Elisabeth Kübler-Ross vor ihrem Haus in Arizona, wo sie die letzten Lebensjahre verbrachte. Keystone Archive

Die Schweizer Sterbeforscherin Elisabeth Kübler-Ross ist tot. Sie war die erste Wissenschafterin, die das Tabuthema Sterben systematisch erforschte.

Gemäss US-Medienberichten starb Kübler-Ross am Dienstagabend Ortszeit im Alter von 78 Jahren.

“Sterben? Ich kann es kaum erwarten. Das ist doch kein Leben mehr”, sagte Elisabeth Kübler-Ross 1996 in einem Interview, nachdem sie im Jahr zuvor einige Schlaganfälle erlitten hatte.

Diese Widrigkeiten hielten sie jedoch nicht davon ab, nach Dutzenden von Büchern über den Tod vor dem eigenen Ableben noch ein Werk über das Leben zu verfassen.

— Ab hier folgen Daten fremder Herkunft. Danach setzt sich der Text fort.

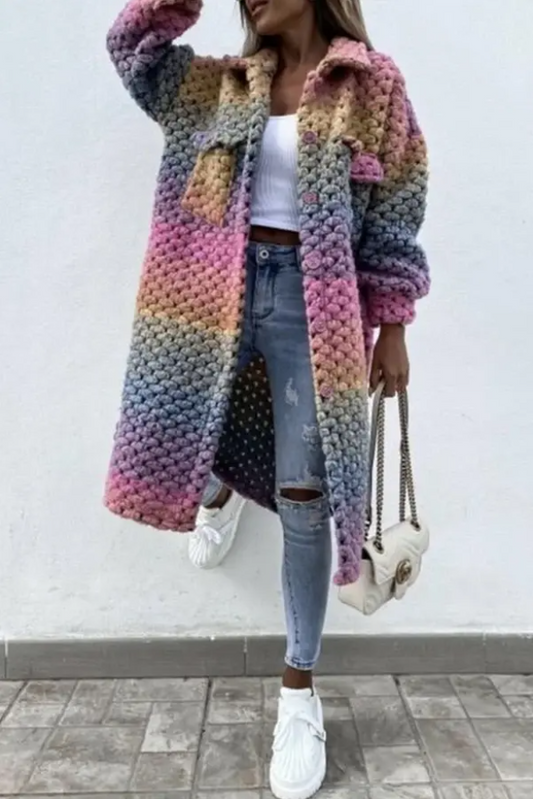 Textured Winter Coat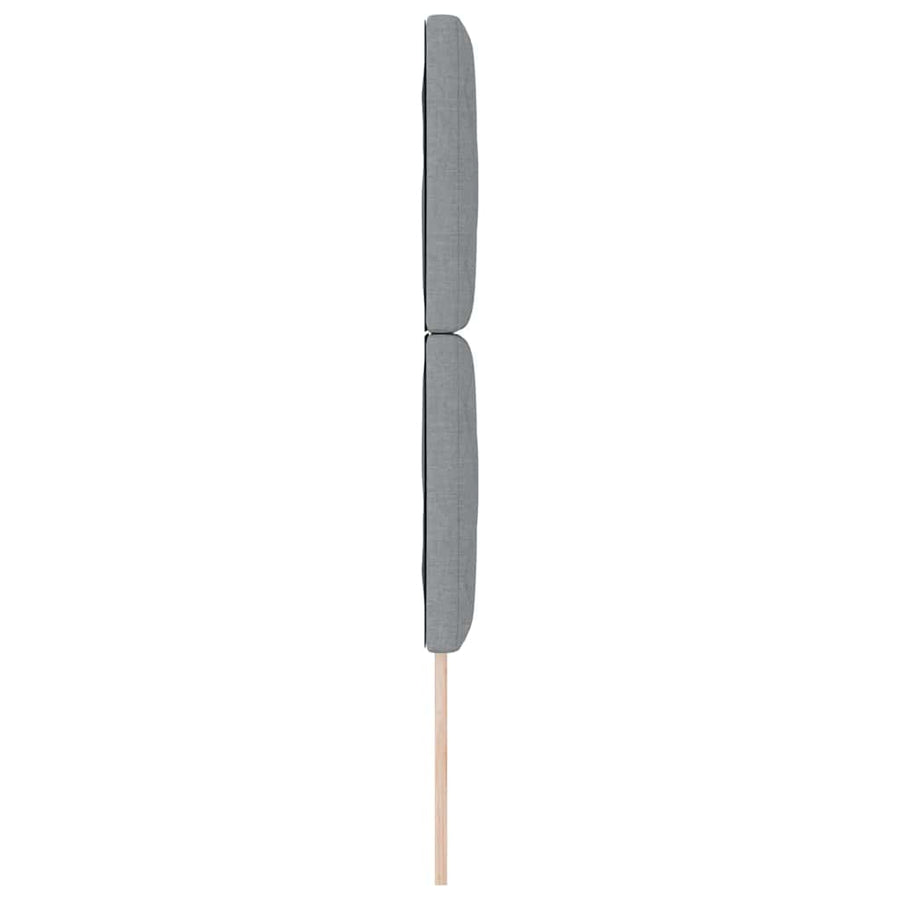 Hoofdbord Licht Grijs 200cm Geruit Lichtgrijs 80 cm Stof, Hout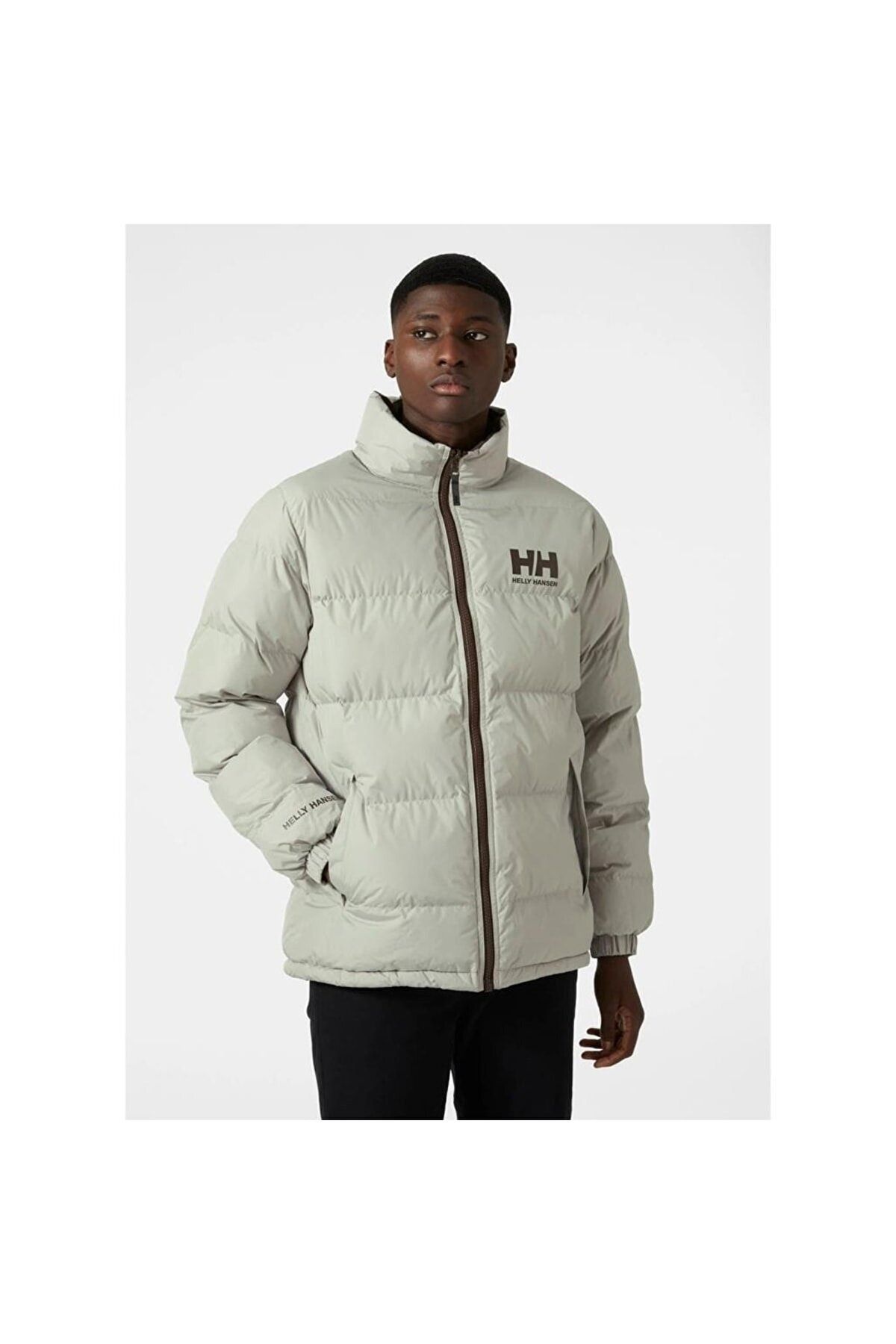 Helly hansen top yellow puffer jacket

Zusammen mit Co-Autor David Kessler entstand “Geborgen im Leben” (englisch “Live Session”).

Der Schweizer Stefan Haupt drehte 2002 das Porträt “Elisabeth Kübler-Ross – Dem Tod ins Gesicht sehen”. Es wurde einer der erfolgreichsten Dokumentarfilme und erhielt beim Schweizer Filmpreis 2004 auch eine Nomination als bester Dokumentarfilm.

Pestalozzi von der Goldküste

Das Thema Sterben wurde Elisabeth Kübler-Ross gleichsam in die Wiege gelegt: Sie wurde am 8. Juli 1926 in Meilen an der Zürcher Goldküste als untergewichtiger Drilling geboren – in den Frühzeiten der Neonatologie fast ein Todesurteil.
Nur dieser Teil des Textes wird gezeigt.